Recently, in-plane switching mode liquid crystal display devices(hereinafter IPS-LCDs) have been widely studied in which viewing angle characteristic is improved and the liquid crystal molecules are nearly horizontally aligned.
FIG. 1A is a plan view of a unit pixel of a conventional IPS-LCD. As shown in the drawing, a unit pixel region is defined by a gate bus line 1 and a data bus line 2 in which the lines are arranged perpendicularly and/or horizontally in a matrix on a first substrate 10. A common line 3 is arranged parallel to the gate bus line 1 in the pixel region. A thin film transistor(TFT) is formed of a crossing area of the data bus line 2 and the gate bus line 1. As shown in FIG. 1B which is a sectional view taken along line I-I' of FIG. 1A, the TFT includes a gate electrode 5, a gate insulator 12, a semiconductor layer 15, a channel layer 16, and source/drain electrode 6. The gate electrode 5 is connected to the gate bus line 1, and the source/drain electrode 6 is connected to the data bus line 2. The gate insulator 12 is formed on the entire surface of the first substrate 10.
A common electrode 9 and a data electrode 8 are formed in the pixel region. The common electrode 9 is formed with the gate electrode 5 and connected to the common line 3. The data electrode 8 is formed with the source/drain electrode 6 and electrically connected to the source/drain electrode 6. Further, a passivation layer 20 and a first alignment layer 23a are deposited on the entire surface of the first substrate 10.
On a second substrate 11, a black matrix 28 is formed to prevent a light leakage which may be generated around TFT, the gate bus line 1, and the data bus line 2. A color filter layer 29, and a second alignment layer 23b are formed on the black matrix 28 in sequence. Also, a liquid crystal layer 30 is formed between the first and second substrates 10, 11. When voltage is not applied to LCD having the above structure, liquid crystal molecules in the liquid crystal layer 30 are aligned according to alignment directions of the first and second alignment layers 23a, 23b, but when voltage is applied between the common electrode 9 and the data electrode 8, the liquid crystal molecules are vertically aligned to extending directions of the common and data electrode. As in the foregoing, since liquid crystal molecules in the liquid crystal layer 30 are switched on the same plane at all times, a grey inversion is not created in the viewing angle directions of up and down direction, and right and left direction.
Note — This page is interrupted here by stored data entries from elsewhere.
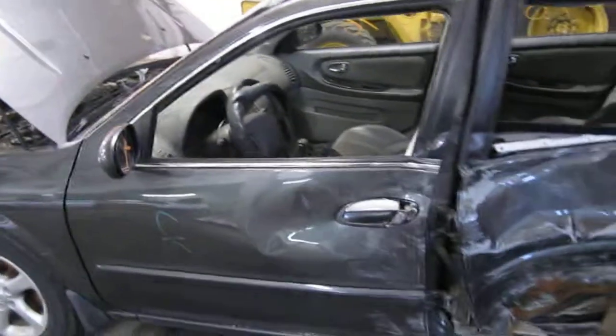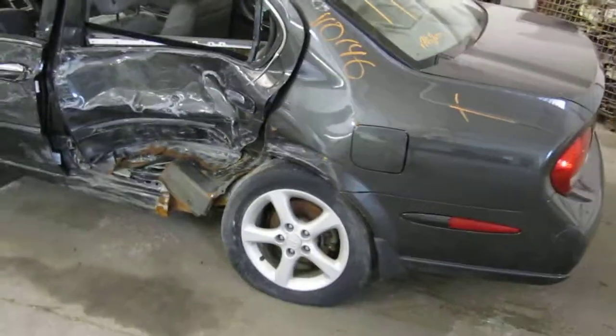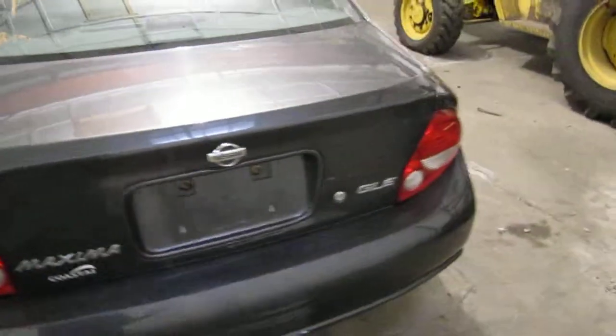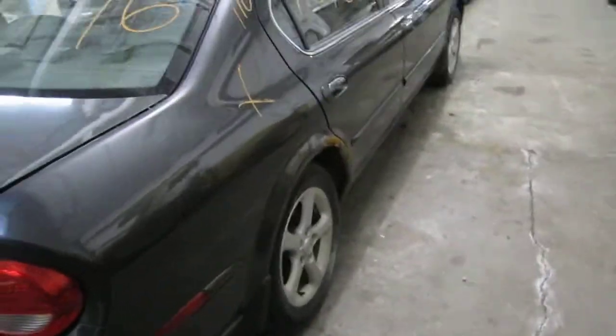We had purchased this vehicle locally through one of our auctions due to this left side collision. The vehicle still has several good body parts. Unfortunately, at the time of arrival we were unable to run the vehicle.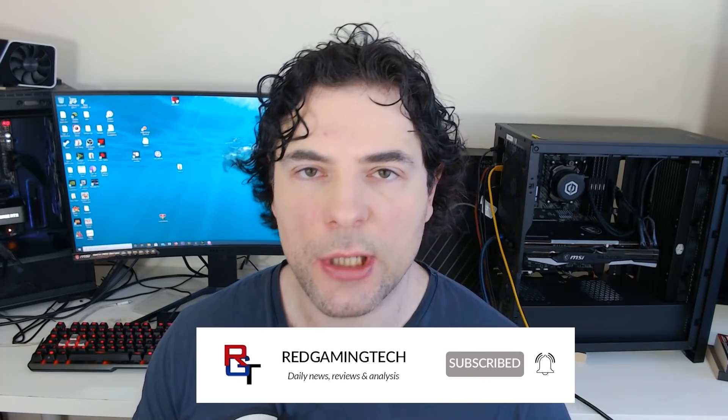Ladies and gentlemen, my name's Paul — hopefully you're having an amazing day. In this video, I wanted to do something a little bit different. I wanted to ask you all: what do you actually want from Intel for a discrete GPU?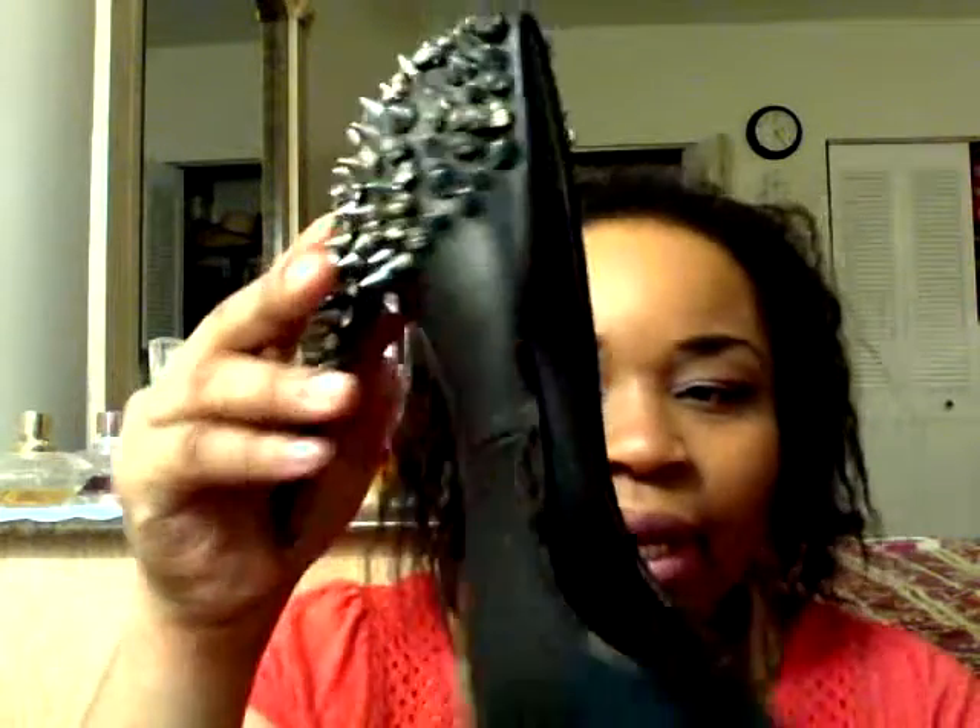I finally got my pair of Sam Edelman's Larissa black — I think it's Leah — pumps. For those of you that know what they look like, you already know. For those who don't, this is the peep toe and it has Sam's name on the inside. These are what they look like — the ones with all the spikes. It's a statement shoe. I've been wanting these shoes for almost a year and everywhere I went they were sold out or there were waiting lists.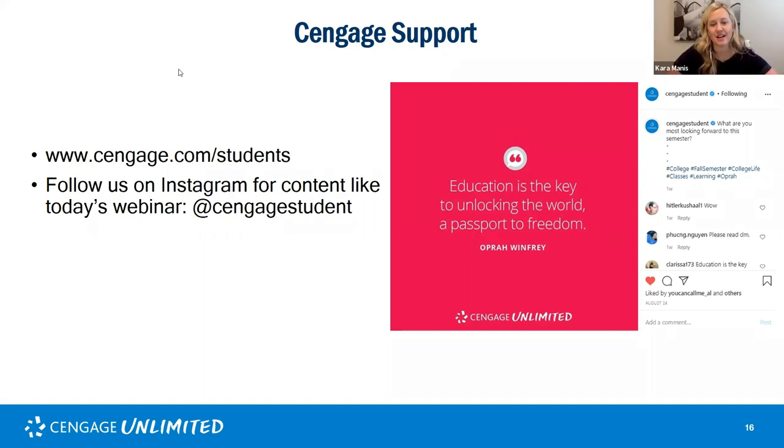Thank you guys so much for joining us today on this webinar! As I mentioned, we'll send out an email with the recording, and there's also a survey in there — so if you have any feedback or want to see more of these, please let us know. We wish you guys the best of luck this semester and thank you so much for spending the time with us today. Thank you Professor B and Anya for joining us — we appreciate it! Thank you so much for the opportunity. Thanks guys, bye-bye!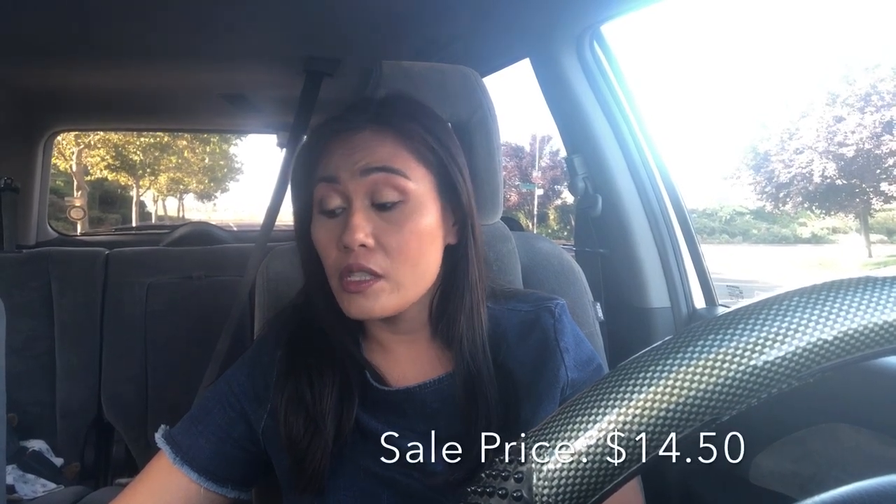The Tarte Amazonian Clay Blushes are on sale on September 13th — highly recommend the rosy nude shade called Seduce. I love that blush: it's long-wearing, very pigmented, and it's going to be half off at $14.50.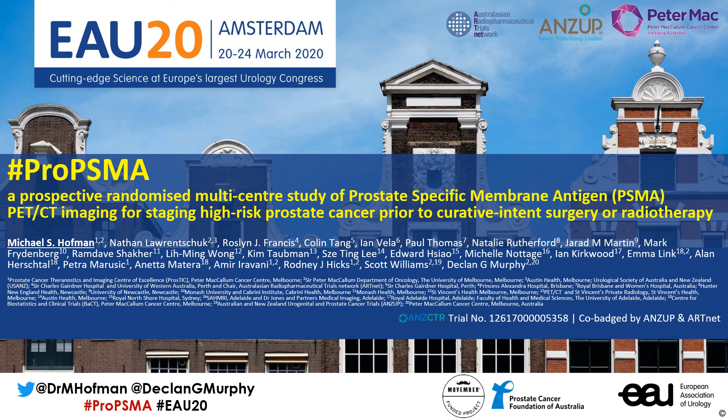My name's Michael Hoffman, and it's my great pleasure to present the results of the Pro-PSMA trial, a prospective, randomized, multi-centre study of prostate-specific membrane antigen PSMA PET-CT imaging for staging high-risk prostate cancer prior to curative intent surgery or radiotherapy. I'm a nuclear medicine physician from the Peter McCallum Cancer Centre in Melbourne, Australia, and it's my pleasure to present the results on behalf of all co-investigators.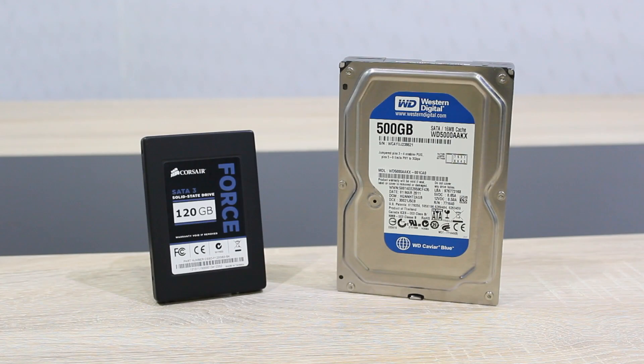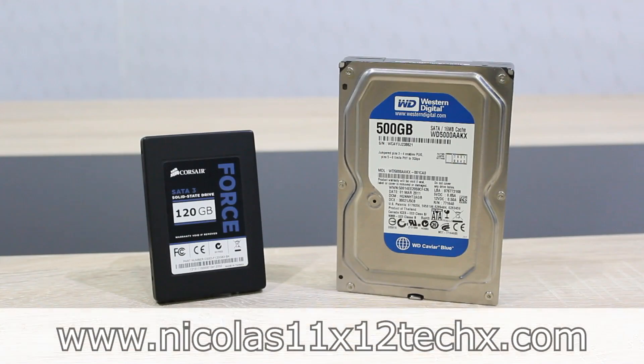But it's not really about winning here. It's how you combine these two different drives in order to get the best overall performance for daily tasks. The best combination for performance and storage would be an SSD for the boot drive with web browsers, for example, and an HDD for large programs, games and data. Thanks for watching, don't forget to subscribe and visit Nicholas11x12techx.com to see videos earlier than on YouTube.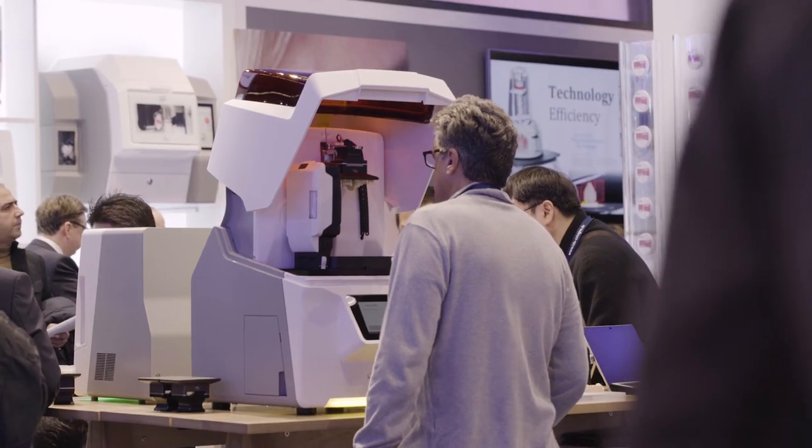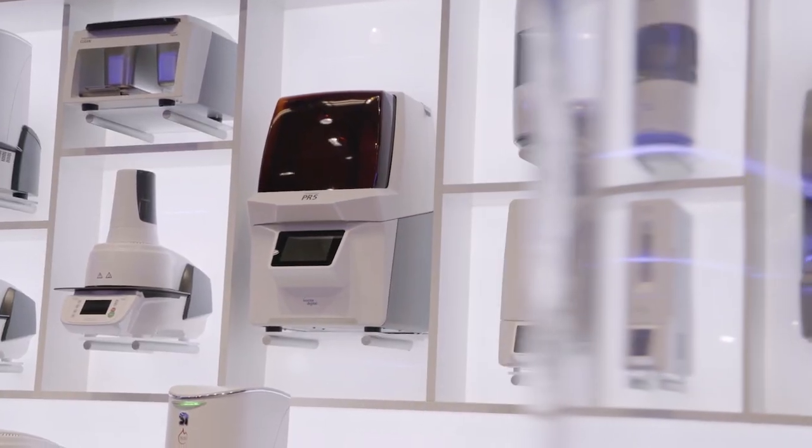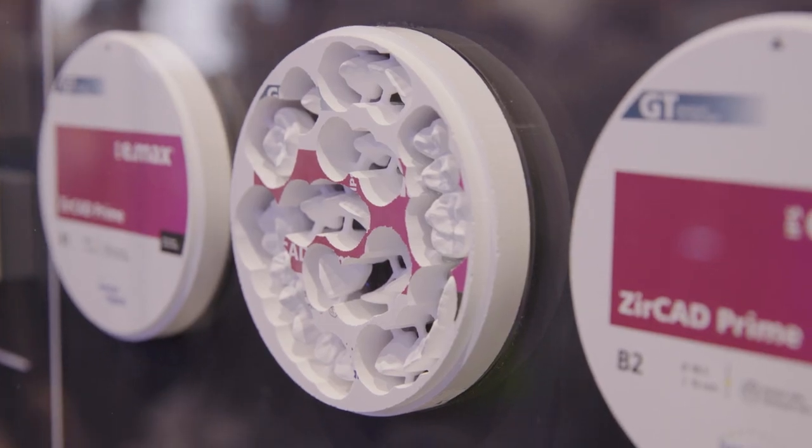One of the most frequently discussed topics at IDS 2019 is 3D printing. Visit the IvoClar VivaDent booth at IDS in Hall 11.3.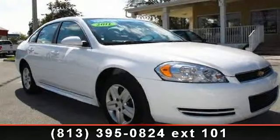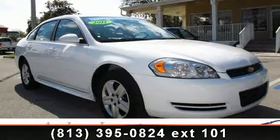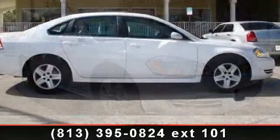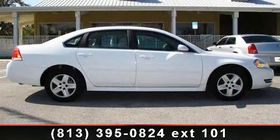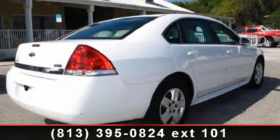Step into the 2011 Chevrolet Impala. This may be the set of wheels you've been looking for. This vehicle comes with a reliable six-cylinder engine, connected to a smooth shifting automatic transmission.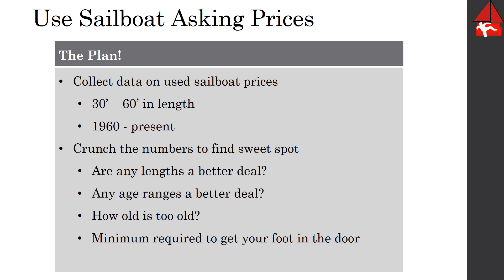What is the most economical length of boat to buy? What's the most economical age of a boat to buy? And how old is too old money-wise? At a certain point boats start to appreciate instead of depreciate because they're considered antiques. And finally, what is the minimum amount of money you would need to get your foot in the door for a used cruising boat?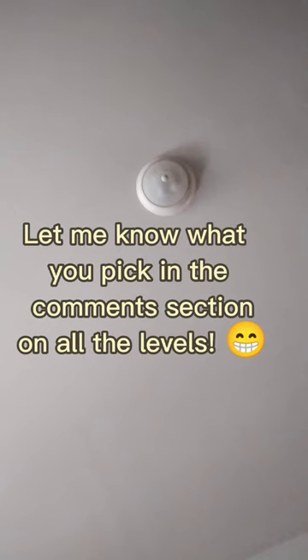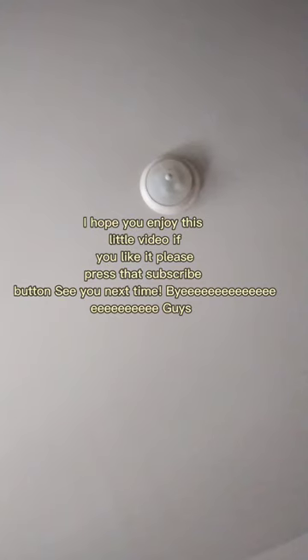Let me know what you pick on all the levels. I hope you enjoy this little video. If you like it, please press that subscribe button. See you next time.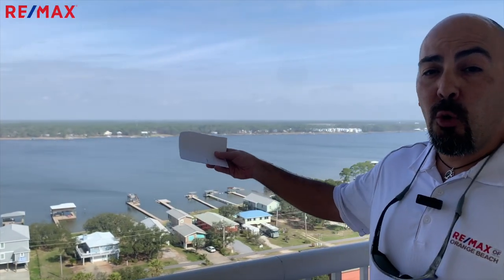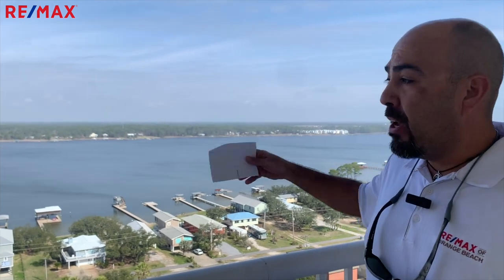Here at Crystal Towers, you not only have a view of the beach, but right out your front door, you have a view of Little Lagoon. So you've got views from the north and the south from your private balcony. The rentals here at Crystal Towers are some of the best on the beach down West Beach. They do up to $55,000 for a two-bedroom, two-bath.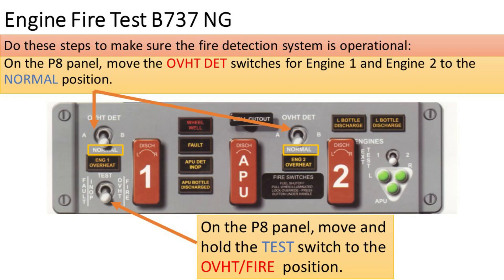Do these steps to make sure the fire detection system is operational. On the P8 panel, move the overheat detection switches for engine 1 and engine 2 to the normal position. Then, on the P8 panel, move and hold the test switch to the overheat/fire position.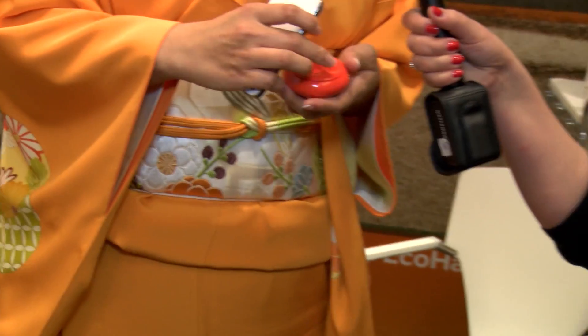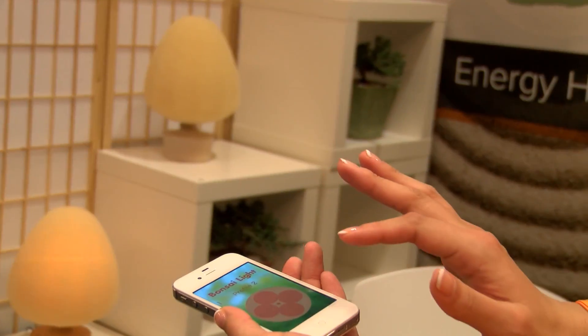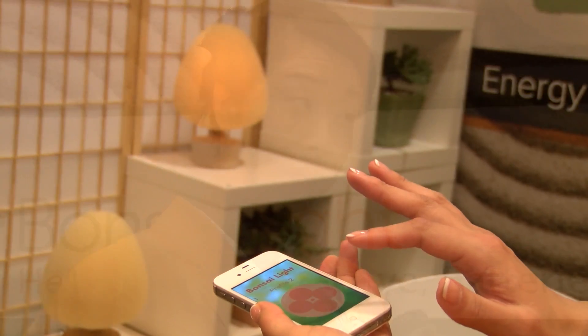A device switch that doesn't require any batteries. A simple click in motion can generate enough power to control the lighting. We don't need to worry about wiring a light switch on the walls or changing batteries in the remote controls anymore.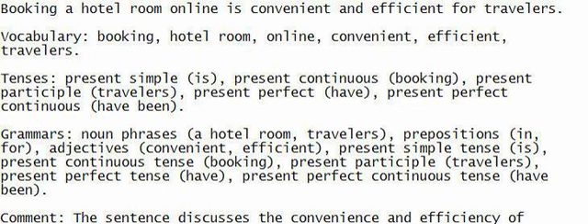Follow my guidance and speak along. Focus on comprehending the sentence. Jot it down to improve your English skills. Booking a hotel room online is convenient and efficient for travelers.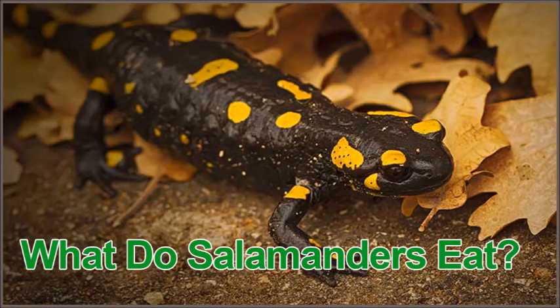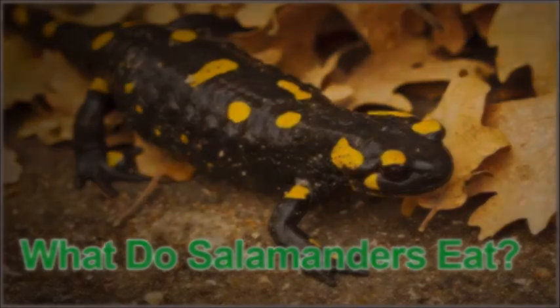So there you have it — what do salamanders eat in the wild? Brought to you by PetsStore.net. Hope you enjoyed this video and thank you for watching.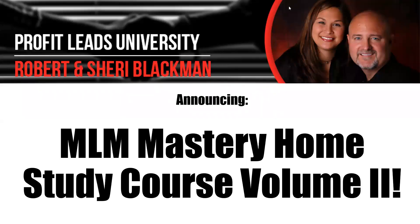Hello everyone, this is Robert Blackman with Profit Leads University, and I'm proud to announce today our brand new MLM Mastery Home Study Course Volume 2. That's right, we've got a second volume of the MLM Mastery Course.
However, in the conventional LCD having the above structure, an aperature ratio is less than desired because the data electrode and the common electrode are opaque. Also, since a short by coupling the common electrode and said gate bus line in the manufacturing process of the LCD is often generated, the yield goes downed. Further, for the gate insulator and the passivation layer between the data electrode and the common electrode, a high driving voltage for switching liquid crystal molecules is required.